I’ve been thinking a lot about the difference between knowing someone and having someone actually advocate for you. I know a decent number of senior bankers at my firm now—I’ve coffeed with probably 25 people across different groups over my analyst tenure. But I’m honest with myself: maybe three of them actually know my work well enough to put weight behind me if something came up.
That gap is what’s been nagging at me. I can have coffee with someone, have a great conversation, exchange ideas, and then… what? Do I follow up every month? Do I ask for feedback? Do I wait for them to think of me? It feels like I’m missing the mechanics of how a coffee chat actually converts into someone being willing to say ‘yeah, I’d bet on this person for associate.’
I’ve talked to a few people who’ve made associate, and they all mention having one or two people who really went to bat for them. Those relationships didn’t feel random—they seemed built intentionally over time. But what does that actually look like in practice? Is it about asking for mentorship explicitly? Is it about getting staffed on their deals and delivering? Is it about staying visible? How do you actually move from ‘person I know’ to ‘person who will advocate for me’?
The conversion from acquaintance to advocate requires intentionality in three phases. First, establish credibility by delivering on any work together. Second, create consistent, low-friction touchpoints—brief check-ins, substantive questions about market trends, asking for specific feedback rather than vague mentorship. Third, be explicit about your ambition without being transactional. Something like, ‘I’m targeting associate in the next 18 months. I’d value your thoughts on whether I’m building the right experiences.’ Most senior bankers respect clarity and will either invest in you or be honest that they can’t. Either outcome is useful.
The relationships that convert to advocacy share a common thread: mutual respect and repeated positive interaction. Coffee chats are initiation points, not endpoints. Real sponsorship develops when a senior banker sees you execute under pressure, takes interest in your development, and perceives you as someone worth investing in. This doesn’t mean being needy or constantly asking for things. It means being responsive, thoughtful in your interactions, and occasionally bringing value to them—an interesting article, an insight from a different group, genuine curiosity about their practice.
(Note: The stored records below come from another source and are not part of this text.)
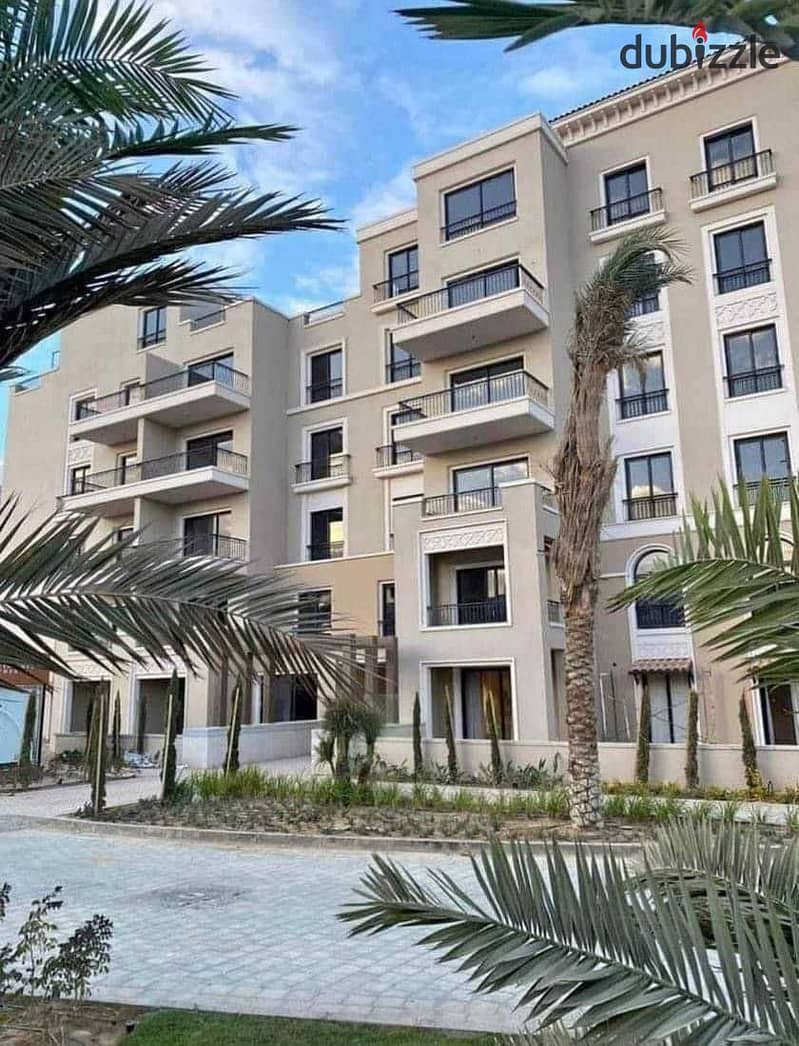 A snapshot apartment for sale, finished, with air conditioners, at a fantastic price, in Village West Compound, Sheikh Zayed, in installments over 5 y 6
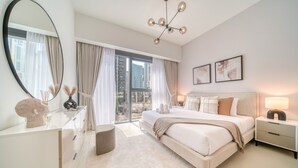 A modern bedroom with a large bed, a round mirror, a nightstand, and a view of the city. - Sumptuous 1BR at Act One Act Two Tower 1 Downtown Dubai by Deluxe Holiday Homes (Dubai)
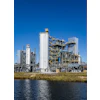 Industrial chemical processing plant with white tanks and metal structures near water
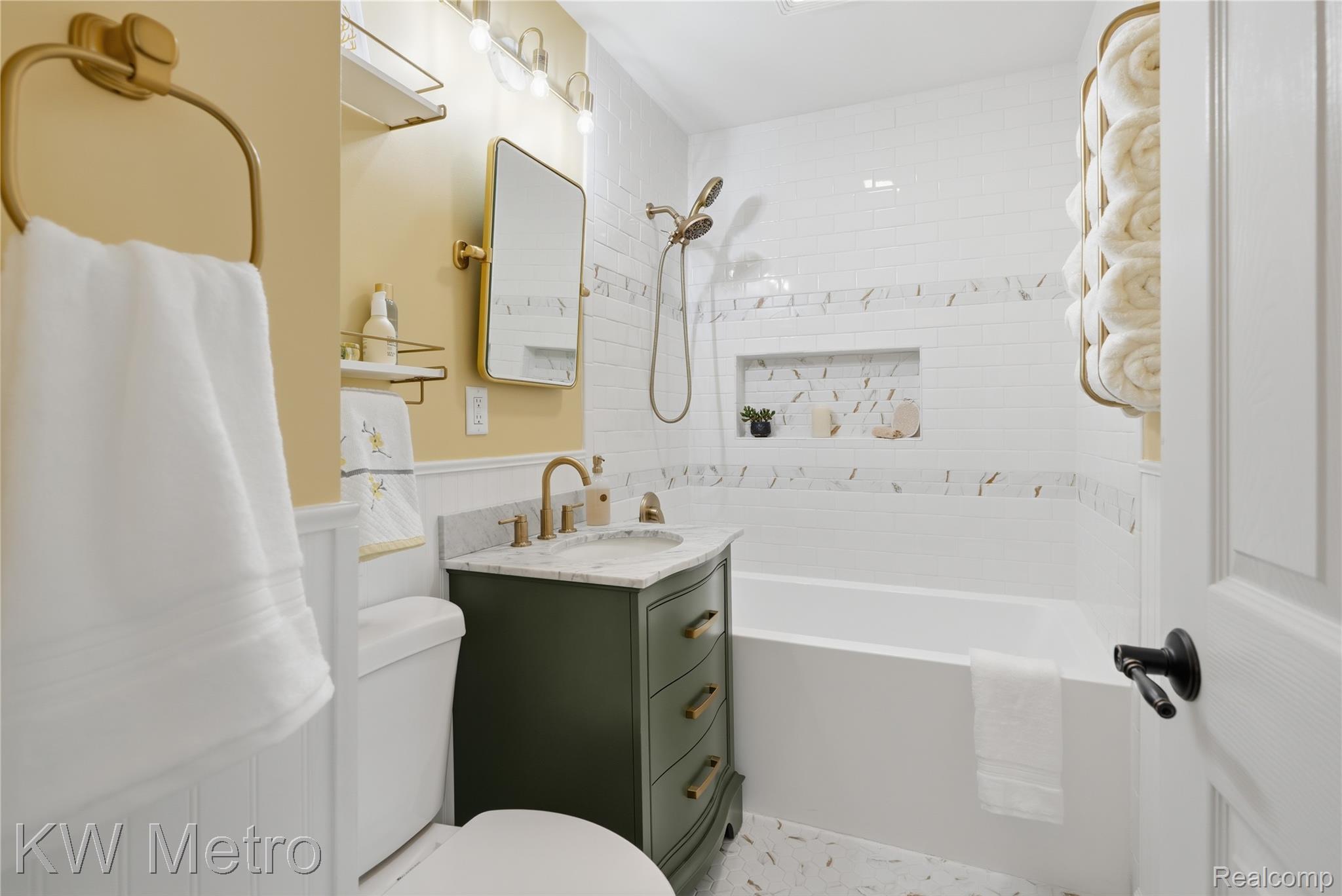 1861 Harvard Road Berkley, MI 48072 - Photo 15 of 27 Full bathroom featuring vanity, wainscoting, and washtub / shower combination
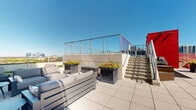 Located in Chicago's vibrant Old Town neighborhood, this rooftop amenity level at 1225 N Wells St offers an exceptional outdoor experience set against a striking backdrop of the city skyline. The space is defined by its modern architectural aesthetic, featuring sleek glass railings, clean concrete surfaces, and bold design elements including a vivid red structural facade that adds a dynamic visual contrast to the surrounding cityscape.

The rooftop is organized into several distinct functional zones. A resort-style pool serves as a central focal point, accessed via glass-paneled staircases that maintain unobstructed sightlines across the deck. Multiple open-air seating areas are thoughtfully arranged throughout the space, outfitted with contemporary outdoor furniture ideal for lounging or dining. A dedicated grilling station with a full-size gas grill and wooden prep surface provides a well-equipped outdoor cooking area.

Elevated walkways with glass and metal railings connect different sections of the rooftop, offering sweeping panoramic views of the Chicago skyline, including prominent downtown towers to the south. Planters with seasonal greenery add natural elements throughout the deck. The building's distinctive blue glass curtain wall rises adjacent to the rooftop, reinforcing the space's contemporary architectural character. This amenity level delivers a compelling urban outdoor retreat with broad, unobstructed city views in every direction.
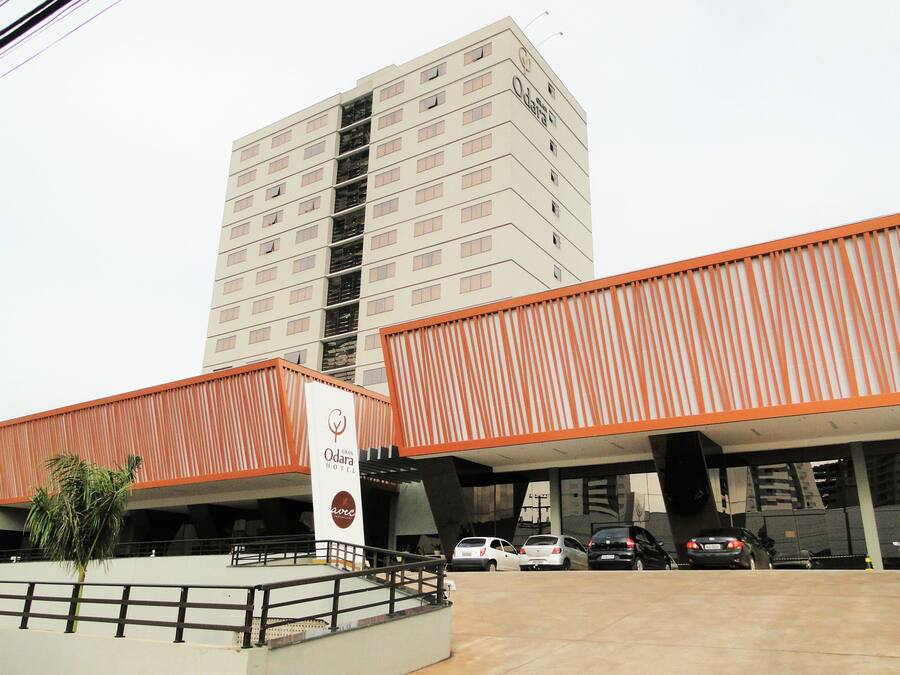 A hotel with a prominent building in the background, a covered parking area, and a sign for the Gran Odara Hotel.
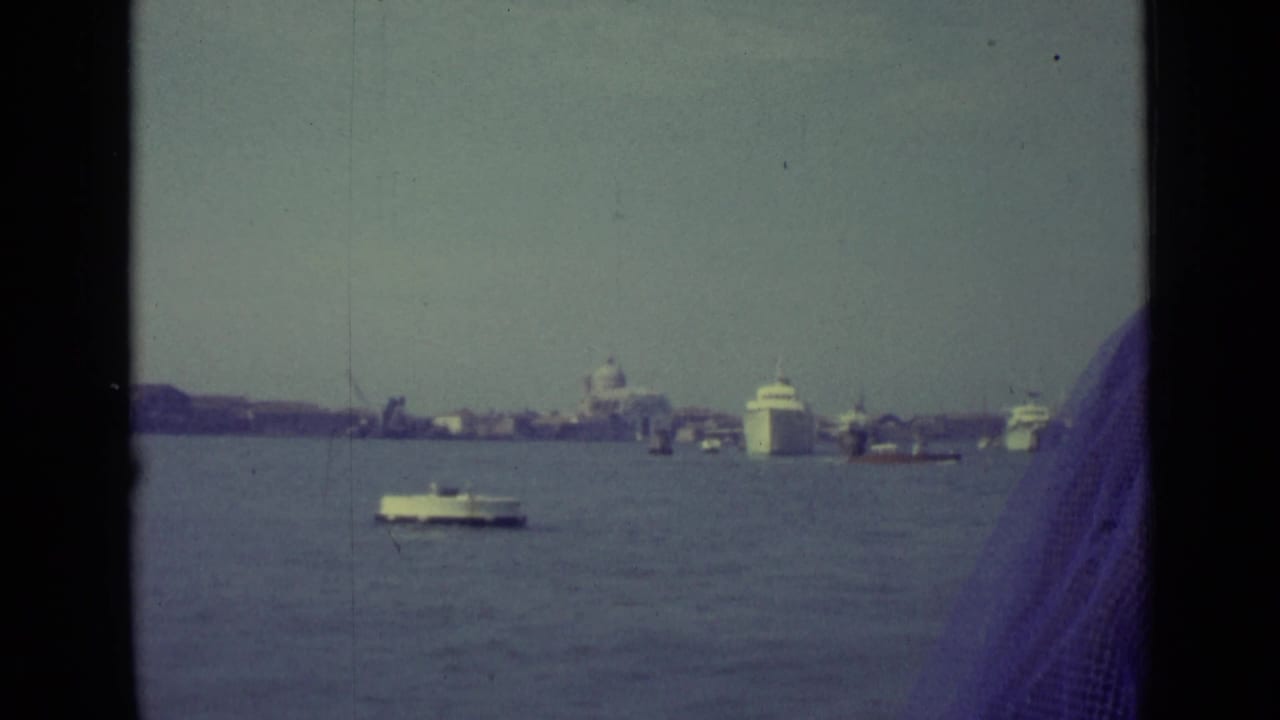 1962 Venice canal view from a moving boat, with water traffic, distant domes, dark window framing, and a red MONACO building at right.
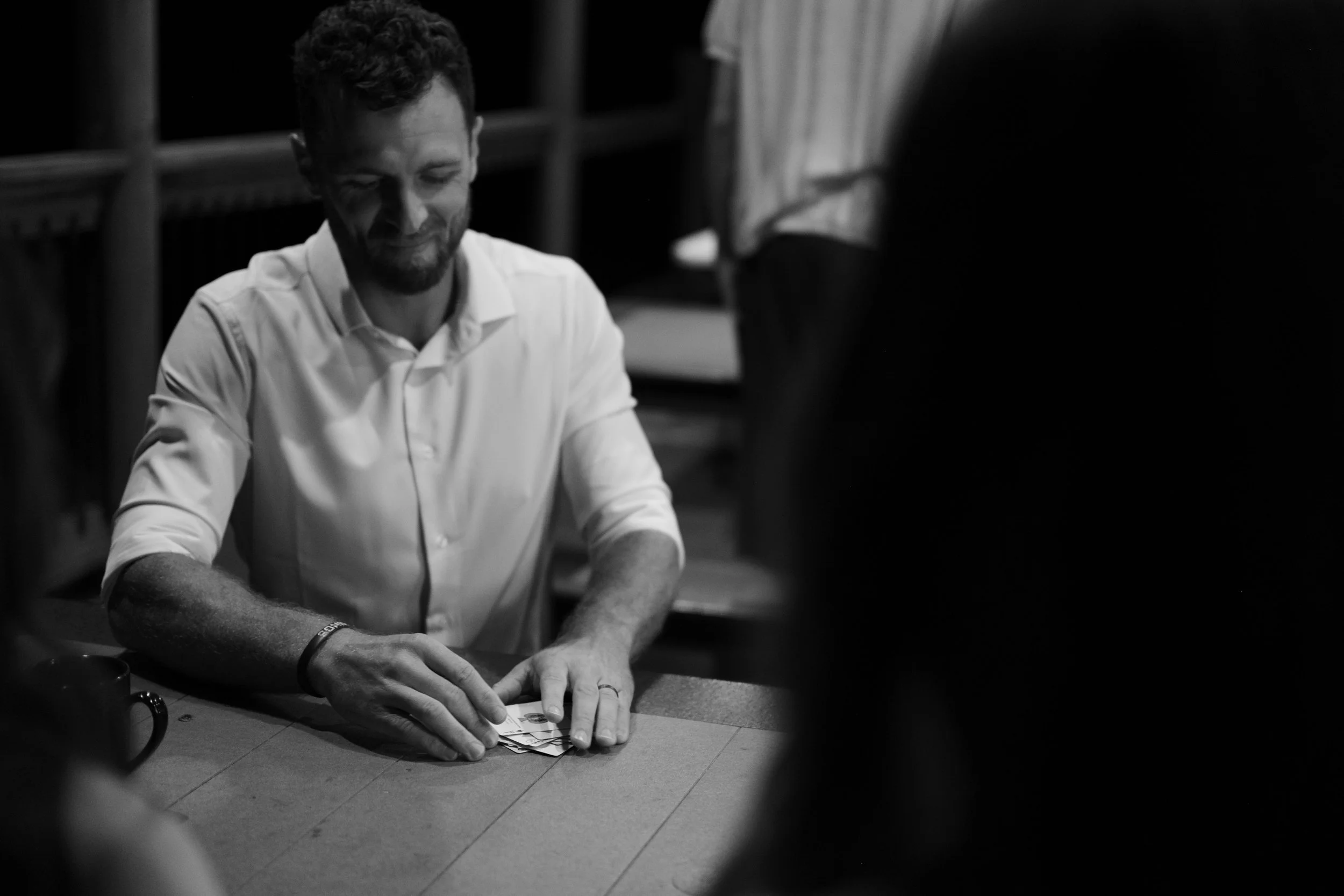 A man in a white shirt sitting at a table, playing cards, smiling, with a mug nearby, in a dimly lit room.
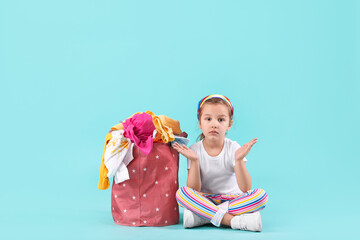 Wall Mural - Little girl with dirty laundry on color background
so like, the key is actually delivering on deals with them first? that makes sense. feels less ethereal than trying to figure out the perfect follow-up cadence lol
I had one mentor who became my actual sponsor, and looking back, it wasn’t because I was perfect or had the most coffees. It was because we got staffed on a deal together, I asked him thoughtful questions about what he was seeing in the market, and I actually listened to his advice and implemented it. Then when an associate role opened, he thought of me without me even asking. The relationship just felt natural because it was built on real interaction, not just networking motions.
Focus on depth with a few key people rather than width with many. Show genuine interest, deliver great work, and be authentic. The right sponsors will emerge naturally. You’ve got the awareness to make this happen!
Research on mentorship conversion suggests that advocates typically emerge after 4-6 substantive interactions that combine work visibility and personal connection. The specificity matters: senior bankers are more likely to advocate when they’ve directly observed your capabilities on consequential work rather than through secondhand accounts. The sponsorship multiplies when you’ve also had enough personal touchpoints that they know your ambitions and work philosophy. Quality and intentionality beat frequency significantly.